PROBLEM TO SOLVE: Write out once more the lines running from the top of the entries below to the line with "Rainbow Unicorn Birthday Pa...", both ends included.

### THE DATA

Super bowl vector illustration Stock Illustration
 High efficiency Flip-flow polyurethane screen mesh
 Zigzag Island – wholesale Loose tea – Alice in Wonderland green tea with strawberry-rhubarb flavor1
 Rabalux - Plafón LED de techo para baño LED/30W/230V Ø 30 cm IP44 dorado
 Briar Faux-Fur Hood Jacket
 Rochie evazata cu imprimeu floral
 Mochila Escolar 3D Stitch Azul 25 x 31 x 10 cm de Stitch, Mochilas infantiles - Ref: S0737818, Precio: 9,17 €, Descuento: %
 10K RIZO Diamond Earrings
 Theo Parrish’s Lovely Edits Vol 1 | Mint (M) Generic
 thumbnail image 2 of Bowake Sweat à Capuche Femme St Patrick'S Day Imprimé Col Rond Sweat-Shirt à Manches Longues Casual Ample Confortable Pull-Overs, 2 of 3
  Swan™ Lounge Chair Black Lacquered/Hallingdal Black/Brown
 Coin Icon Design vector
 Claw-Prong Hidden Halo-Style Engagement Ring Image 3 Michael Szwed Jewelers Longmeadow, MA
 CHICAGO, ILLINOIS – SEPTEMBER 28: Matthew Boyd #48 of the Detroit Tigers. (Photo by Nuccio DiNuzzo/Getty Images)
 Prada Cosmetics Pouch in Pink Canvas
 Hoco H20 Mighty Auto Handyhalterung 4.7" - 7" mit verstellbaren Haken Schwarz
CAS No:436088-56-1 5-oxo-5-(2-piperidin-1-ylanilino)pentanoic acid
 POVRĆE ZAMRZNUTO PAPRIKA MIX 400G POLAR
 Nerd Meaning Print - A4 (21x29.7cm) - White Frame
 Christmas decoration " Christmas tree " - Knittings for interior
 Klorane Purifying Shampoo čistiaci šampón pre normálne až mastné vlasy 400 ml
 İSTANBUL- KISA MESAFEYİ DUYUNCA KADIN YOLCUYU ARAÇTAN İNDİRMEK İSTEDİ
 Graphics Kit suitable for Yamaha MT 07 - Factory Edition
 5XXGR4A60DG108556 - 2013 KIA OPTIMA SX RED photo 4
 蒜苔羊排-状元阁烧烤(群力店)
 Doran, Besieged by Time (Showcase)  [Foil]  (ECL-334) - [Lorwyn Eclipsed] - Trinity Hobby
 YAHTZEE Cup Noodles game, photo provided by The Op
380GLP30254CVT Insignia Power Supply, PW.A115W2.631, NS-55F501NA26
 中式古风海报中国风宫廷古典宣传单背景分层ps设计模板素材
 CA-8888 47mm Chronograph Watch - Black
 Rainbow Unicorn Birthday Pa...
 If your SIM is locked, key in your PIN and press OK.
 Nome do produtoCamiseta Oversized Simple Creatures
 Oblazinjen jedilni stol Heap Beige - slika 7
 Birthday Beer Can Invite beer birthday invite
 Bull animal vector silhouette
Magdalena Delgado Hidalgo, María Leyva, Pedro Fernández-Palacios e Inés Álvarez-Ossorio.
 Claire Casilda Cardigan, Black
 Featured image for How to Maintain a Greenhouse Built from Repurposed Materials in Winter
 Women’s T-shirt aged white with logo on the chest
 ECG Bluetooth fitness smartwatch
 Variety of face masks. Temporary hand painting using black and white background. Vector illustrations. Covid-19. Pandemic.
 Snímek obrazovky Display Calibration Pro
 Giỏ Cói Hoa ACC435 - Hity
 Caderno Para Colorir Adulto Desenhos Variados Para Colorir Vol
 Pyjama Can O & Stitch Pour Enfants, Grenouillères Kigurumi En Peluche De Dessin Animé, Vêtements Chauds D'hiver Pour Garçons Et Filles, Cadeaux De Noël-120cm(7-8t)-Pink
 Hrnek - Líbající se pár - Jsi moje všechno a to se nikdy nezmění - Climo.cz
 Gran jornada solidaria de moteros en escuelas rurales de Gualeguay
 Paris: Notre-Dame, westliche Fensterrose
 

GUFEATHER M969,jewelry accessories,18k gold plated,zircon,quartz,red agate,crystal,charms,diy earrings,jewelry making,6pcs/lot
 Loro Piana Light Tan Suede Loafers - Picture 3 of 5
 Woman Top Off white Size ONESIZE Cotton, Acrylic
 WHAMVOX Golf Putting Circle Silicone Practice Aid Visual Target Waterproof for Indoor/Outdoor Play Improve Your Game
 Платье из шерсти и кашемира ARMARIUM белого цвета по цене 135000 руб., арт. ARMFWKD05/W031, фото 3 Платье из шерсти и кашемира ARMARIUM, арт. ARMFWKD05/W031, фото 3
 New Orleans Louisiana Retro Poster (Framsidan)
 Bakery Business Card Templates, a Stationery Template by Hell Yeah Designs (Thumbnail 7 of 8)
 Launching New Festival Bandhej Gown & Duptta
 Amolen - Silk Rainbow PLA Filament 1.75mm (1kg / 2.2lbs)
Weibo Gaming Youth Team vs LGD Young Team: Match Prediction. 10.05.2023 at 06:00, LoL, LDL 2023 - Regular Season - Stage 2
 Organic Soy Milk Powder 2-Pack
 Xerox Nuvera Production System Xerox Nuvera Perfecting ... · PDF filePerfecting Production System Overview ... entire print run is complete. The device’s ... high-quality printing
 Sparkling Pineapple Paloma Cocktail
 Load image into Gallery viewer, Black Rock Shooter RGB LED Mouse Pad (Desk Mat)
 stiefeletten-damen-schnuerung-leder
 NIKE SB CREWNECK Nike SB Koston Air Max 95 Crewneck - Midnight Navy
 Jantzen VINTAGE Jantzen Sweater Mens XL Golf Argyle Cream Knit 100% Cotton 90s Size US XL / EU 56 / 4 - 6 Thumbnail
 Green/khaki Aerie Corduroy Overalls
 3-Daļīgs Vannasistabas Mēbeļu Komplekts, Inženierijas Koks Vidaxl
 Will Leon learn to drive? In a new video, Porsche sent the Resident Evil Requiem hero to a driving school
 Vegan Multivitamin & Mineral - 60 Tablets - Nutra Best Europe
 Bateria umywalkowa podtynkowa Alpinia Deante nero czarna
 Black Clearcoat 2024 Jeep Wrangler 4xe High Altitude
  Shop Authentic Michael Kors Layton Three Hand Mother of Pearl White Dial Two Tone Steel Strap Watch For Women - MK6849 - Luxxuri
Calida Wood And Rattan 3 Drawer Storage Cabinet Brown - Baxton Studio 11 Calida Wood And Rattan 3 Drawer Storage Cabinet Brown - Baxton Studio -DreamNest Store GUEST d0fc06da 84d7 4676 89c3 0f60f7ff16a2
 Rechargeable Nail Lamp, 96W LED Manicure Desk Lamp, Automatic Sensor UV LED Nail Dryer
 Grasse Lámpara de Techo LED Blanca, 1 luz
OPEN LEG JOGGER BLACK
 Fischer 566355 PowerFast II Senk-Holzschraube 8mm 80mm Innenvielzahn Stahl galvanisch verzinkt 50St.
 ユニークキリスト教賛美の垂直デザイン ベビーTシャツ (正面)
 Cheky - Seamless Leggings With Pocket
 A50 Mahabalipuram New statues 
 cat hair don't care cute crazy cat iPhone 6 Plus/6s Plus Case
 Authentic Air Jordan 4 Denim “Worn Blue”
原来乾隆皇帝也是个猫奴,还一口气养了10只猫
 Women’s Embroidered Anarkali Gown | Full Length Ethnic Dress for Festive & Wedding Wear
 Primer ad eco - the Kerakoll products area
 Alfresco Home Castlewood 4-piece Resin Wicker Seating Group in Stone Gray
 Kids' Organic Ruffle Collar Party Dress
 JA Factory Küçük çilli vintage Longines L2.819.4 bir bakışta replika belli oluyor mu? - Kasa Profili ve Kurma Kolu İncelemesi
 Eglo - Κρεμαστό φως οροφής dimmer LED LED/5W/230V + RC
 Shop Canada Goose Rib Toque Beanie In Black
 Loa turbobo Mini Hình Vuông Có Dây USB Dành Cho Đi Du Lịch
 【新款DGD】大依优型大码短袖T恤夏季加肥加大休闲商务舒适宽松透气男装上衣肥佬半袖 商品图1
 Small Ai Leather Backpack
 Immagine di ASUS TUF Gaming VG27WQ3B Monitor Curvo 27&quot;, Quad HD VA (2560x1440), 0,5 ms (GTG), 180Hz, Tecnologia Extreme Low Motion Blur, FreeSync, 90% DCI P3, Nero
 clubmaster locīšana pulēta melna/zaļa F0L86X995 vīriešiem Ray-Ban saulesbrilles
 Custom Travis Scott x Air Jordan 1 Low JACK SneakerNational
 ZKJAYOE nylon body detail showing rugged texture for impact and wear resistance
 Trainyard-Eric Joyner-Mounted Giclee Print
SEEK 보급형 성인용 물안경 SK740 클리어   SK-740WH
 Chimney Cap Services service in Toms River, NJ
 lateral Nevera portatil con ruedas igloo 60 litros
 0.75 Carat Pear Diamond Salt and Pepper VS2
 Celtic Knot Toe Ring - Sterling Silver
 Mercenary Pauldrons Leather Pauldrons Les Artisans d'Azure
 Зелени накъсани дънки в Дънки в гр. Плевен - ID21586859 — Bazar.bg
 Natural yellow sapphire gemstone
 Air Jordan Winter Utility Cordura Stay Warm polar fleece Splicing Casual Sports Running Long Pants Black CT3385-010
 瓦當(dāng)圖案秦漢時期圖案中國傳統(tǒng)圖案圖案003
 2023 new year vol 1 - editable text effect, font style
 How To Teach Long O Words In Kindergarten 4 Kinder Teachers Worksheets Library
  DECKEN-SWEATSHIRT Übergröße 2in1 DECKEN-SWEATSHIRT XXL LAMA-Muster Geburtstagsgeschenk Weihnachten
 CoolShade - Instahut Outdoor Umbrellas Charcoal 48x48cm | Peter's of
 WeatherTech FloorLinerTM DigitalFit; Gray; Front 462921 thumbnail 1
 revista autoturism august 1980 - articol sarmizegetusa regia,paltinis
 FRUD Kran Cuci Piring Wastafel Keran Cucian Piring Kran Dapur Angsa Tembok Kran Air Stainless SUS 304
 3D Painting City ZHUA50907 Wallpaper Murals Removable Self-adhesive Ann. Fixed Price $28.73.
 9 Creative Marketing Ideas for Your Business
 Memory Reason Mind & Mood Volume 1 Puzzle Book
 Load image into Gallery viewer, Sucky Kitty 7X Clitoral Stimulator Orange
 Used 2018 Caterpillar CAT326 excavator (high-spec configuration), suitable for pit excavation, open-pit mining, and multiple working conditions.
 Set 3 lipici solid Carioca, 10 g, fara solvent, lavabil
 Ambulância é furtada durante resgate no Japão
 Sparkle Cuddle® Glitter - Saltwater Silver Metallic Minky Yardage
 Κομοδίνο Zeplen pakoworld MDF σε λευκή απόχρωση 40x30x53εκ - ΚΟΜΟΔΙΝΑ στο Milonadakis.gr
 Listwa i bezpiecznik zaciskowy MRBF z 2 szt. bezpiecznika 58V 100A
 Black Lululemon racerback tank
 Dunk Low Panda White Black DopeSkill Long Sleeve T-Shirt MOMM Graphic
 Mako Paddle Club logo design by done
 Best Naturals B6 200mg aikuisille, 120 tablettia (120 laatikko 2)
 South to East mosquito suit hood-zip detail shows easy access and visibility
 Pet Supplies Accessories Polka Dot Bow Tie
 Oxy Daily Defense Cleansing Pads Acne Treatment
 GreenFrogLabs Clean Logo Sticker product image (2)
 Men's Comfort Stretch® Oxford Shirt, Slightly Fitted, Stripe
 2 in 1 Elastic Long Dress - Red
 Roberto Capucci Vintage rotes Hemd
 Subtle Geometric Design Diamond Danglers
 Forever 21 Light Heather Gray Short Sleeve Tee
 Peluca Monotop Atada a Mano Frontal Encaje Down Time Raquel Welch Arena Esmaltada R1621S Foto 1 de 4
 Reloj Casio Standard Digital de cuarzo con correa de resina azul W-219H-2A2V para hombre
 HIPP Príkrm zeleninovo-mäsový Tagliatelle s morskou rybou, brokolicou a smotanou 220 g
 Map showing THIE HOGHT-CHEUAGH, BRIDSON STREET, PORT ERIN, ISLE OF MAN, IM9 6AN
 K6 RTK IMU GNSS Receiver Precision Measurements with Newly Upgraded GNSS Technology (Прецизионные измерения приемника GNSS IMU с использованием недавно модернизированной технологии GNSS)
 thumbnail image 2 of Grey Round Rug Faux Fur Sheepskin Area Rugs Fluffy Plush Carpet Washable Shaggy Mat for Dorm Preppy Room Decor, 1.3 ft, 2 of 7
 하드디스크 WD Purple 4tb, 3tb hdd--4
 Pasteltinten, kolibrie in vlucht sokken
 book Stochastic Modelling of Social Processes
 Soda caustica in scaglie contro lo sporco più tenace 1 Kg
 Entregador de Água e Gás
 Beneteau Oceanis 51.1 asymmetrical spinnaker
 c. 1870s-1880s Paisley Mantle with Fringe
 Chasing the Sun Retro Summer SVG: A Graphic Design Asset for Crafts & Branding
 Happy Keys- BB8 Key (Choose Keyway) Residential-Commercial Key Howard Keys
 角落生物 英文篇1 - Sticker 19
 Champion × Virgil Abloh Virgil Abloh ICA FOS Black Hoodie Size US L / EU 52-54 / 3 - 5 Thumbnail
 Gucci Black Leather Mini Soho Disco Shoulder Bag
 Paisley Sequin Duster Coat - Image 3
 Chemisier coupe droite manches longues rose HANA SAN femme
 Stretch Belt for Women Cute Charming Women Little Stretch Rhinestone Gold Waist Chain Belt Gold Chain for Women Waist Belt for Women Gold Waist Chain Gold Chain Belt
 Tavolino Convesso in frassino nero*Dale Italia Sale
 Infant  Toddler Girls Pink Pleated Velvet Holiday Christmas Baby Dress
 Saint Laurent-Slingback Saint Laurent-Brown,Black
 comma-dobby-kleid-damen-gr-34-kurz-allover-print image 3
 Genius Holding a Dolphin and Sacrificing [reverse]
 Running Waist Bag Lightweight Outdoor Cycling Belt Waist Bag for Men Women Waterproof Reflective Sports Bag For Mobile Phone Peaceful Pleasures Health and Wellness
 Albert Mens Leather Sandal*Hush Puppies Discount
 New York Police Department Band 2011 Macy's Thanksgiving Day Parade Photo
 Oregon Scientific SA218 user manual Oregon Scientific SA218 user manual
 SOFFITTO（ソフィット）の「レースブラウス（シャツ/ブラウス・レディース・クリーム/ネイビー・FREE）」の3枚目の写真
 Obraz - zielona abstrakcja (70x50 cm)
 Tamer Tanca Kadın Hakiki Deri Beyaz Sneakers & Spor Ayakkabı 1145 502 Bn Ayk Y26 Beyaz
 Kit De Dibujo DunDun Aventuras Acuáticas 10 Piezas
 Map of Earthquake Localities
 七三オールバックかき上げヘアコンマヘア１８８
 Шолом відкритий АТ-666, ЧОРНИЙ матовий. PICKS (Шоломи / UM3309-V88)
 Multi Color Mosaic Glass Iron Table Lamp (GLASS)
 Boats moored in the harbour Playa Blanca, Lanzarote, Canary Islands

######

RESULT FOR THIS EXERCISE:
Super bowl vector illustration Stock Illustration
 High efficiency Flip-flow polyurethane screen mesh
 Zigzag Island – wholesale Loose tea – Alice in Wonderland green tea with strawberry-rhubarb flavor1
 Rabalux - Plafón LED de techo para baño LED/30W/230V Ø 30 cm IP44 dorado
 Briar Faux-Fur Hood Jacket
 Rochie evazata cu imprimeu floral
 Mochila Escolar 3D Stitch Azul 25 x 31 x 10 cm de Stitch, Mochilas infantiles - Ref: S0737818, Precio: 9,17 €, Descuento: %
 10K RIZO Diamond Earrings
 Theo Parrish’s Lovely Edits Vol 1 | Mint (M) Generic
 thumbnail image 2 of Bowake Sweat à Capuche Femme St Patrick'S Day Imprimé Col Rond Sweat-Shirt à Manches Longues Casual Ample Confortable Pull-Overs, 2 of 3
  Swan™ Lounge Chair Black Lacquered/Hallingdal Black/Brown
 Coin Icon Design vector
 Claw-Prong Hidden Halo-Style Engagement Ring Image 3 Michael Szwed Jewelers Longmeadow, MA
 CHICAGO, ILLINOIS – SEPTEMBER 28: Matthew Boyd #48 of the Detroit Tigers. (Photo by Nuccio DiNuzzo/Getty Images)
 Prada Cosmetics Pouch in Pink Canvas
 Hoco H20 Mighty Auto Handyhalterung 4.7" - 7" mit verstellbaren Haken Schwarz
CAS No:436088-56-1 5-oxo-5-(2-piperidin-1-ylanilino)pentanoic acid
 POVRĆE ZAMRZNUTO PAPRIKA MIX 400G POLAR
 Nerd Meaning Print - A4 (21x29.7cm) - White Frame
 Christmas decoration " Christmas tree " - Knittings for interior
 Klorane Purifying Shampoo čistiaci šampón pre normálne až mastné vlasy 400 ml
 İSTANBUL- KISA MESAFEYİ DUYUNCA KADIN YOLCUYU ARAÇTAN İNDİRMEK İSTEDİ
 Graphics Kit suitable for Yamaha MT 07 - Factory Edition
 5XXGR4A60DG108556 - 2013 KIA OPTIMA SX RED photo 4
 蒜苔羊排-状元阁烧烤(群力店)
 Doran, Besieged by Time (Showcase)  [Foil]  (ECL-334) - [Lorwyn Eclipsed] - Trinity Hobby
 YAHTZEE Cup Noodles game, photo provided by The Op
380GLP30254CVT Insignia Power Supply, PW.A115W2.631, NS-55F501NA26
 中式古风海报中国风宫廷古典宣传单背景分层ps设计模板素材
 CA-8888 47mm Chronograph Watch - Black
 Rainbow Unicorn Birthday Pa...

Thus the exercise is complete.